__Required action__.
Using the listing below, copy exactly the lines from the one containing "Delete Benefit of Employee" to the one containing "4063136917822 - Große", both lines included, and no others.

__Supplied material__.
━━━━━━━━━━━━━━━━━━━━━━━━━━━━━━
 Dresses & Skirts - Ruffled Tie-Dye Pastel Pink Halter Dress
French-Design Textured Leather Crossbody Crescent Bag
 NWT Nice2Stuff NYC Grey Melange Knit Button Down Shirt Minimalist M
━━━━━━━━━━━━━━━━━━━━━━━━━━━━━━
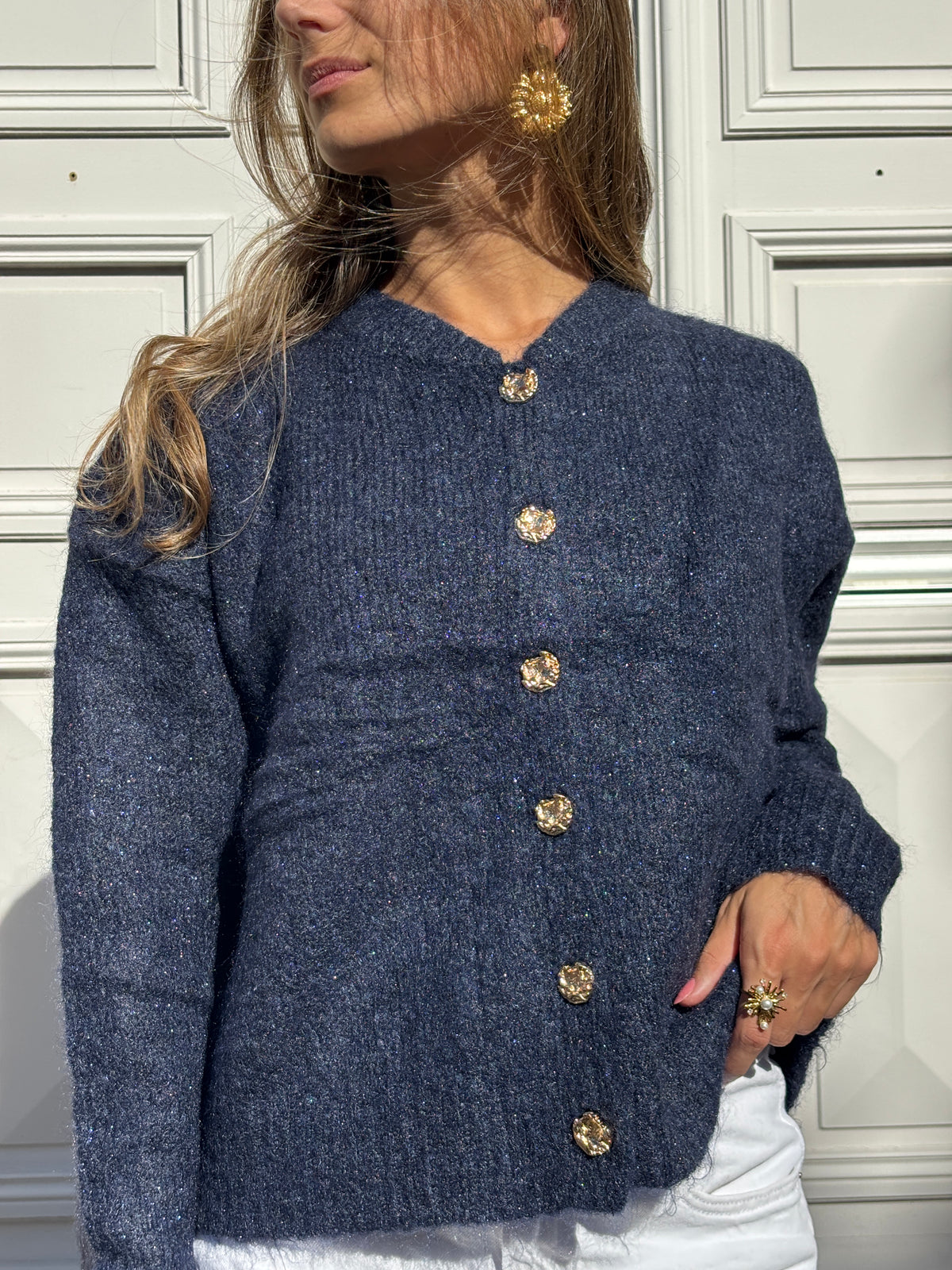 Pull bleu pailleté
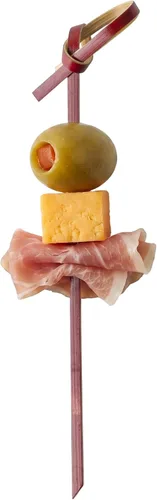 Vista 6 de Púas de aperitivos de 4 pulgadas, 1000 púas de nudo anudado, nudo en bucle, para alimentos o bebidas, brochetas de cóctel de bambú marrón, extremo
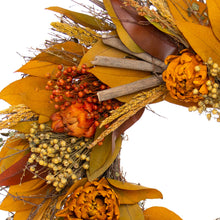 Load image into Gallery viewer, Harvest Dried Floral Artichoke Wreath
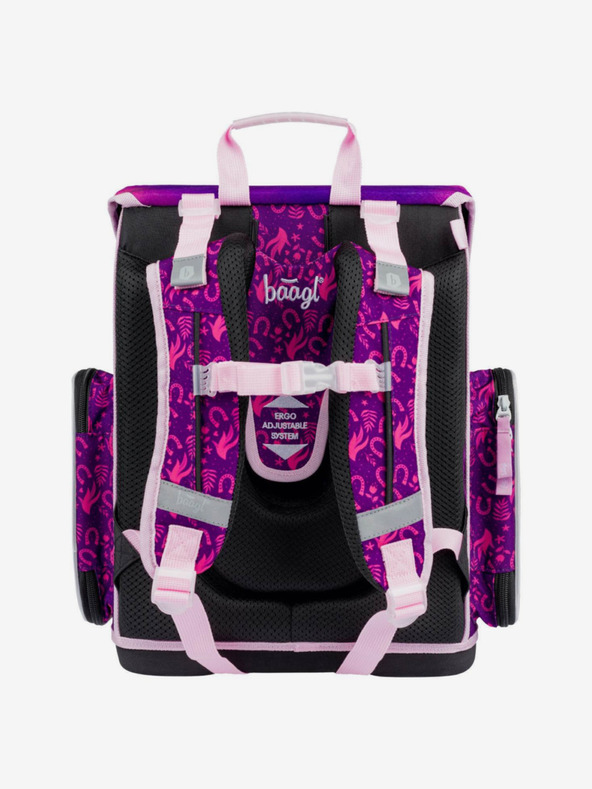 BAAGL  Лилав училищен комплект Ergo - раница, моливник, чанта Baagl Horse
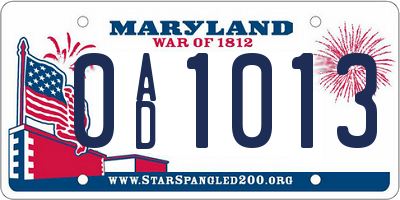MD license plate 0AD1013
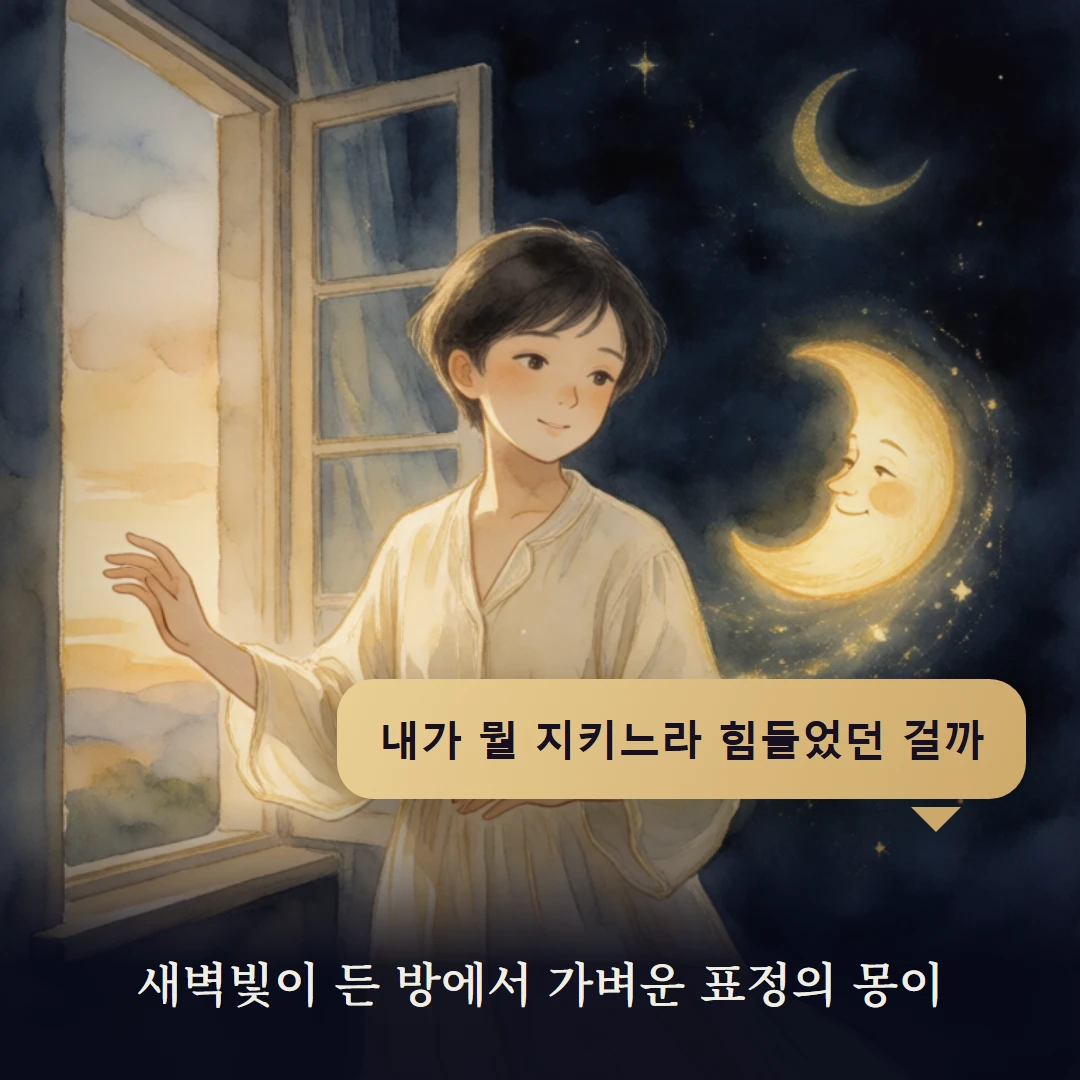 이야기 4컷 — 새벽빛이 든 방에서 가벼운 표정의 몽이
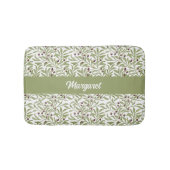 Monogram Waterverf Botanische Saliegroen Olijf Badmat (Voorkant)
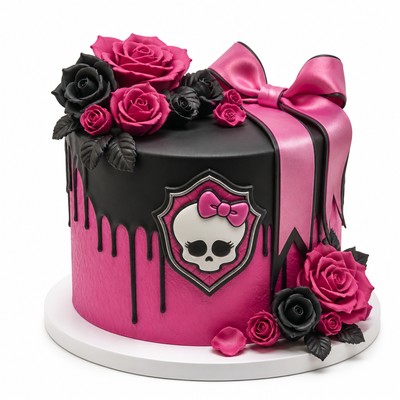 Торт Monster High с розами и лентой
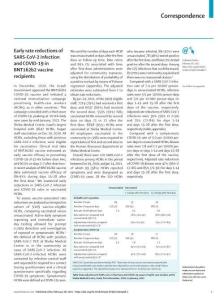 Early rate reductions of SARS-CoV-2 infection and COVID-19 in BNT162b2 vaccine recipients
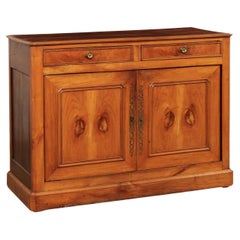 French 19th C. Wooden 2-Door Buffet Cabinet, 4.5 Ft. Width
━━━━━━━━━━━━━━━━━━━━━━━━━━━━━━
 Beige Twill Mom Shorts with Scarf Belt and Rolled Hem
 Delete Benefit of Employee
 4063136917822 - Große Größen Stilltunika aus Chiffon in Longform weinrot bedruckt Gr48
━━━━━━━━━━━━━━━━━━━━━━━━━━━━━━
__Response box__.
 Delete Benefit of Employee
 4063136917822 - Große Größen Stilltunika aus Chiffon in Longform weinrot bedruckt Gr48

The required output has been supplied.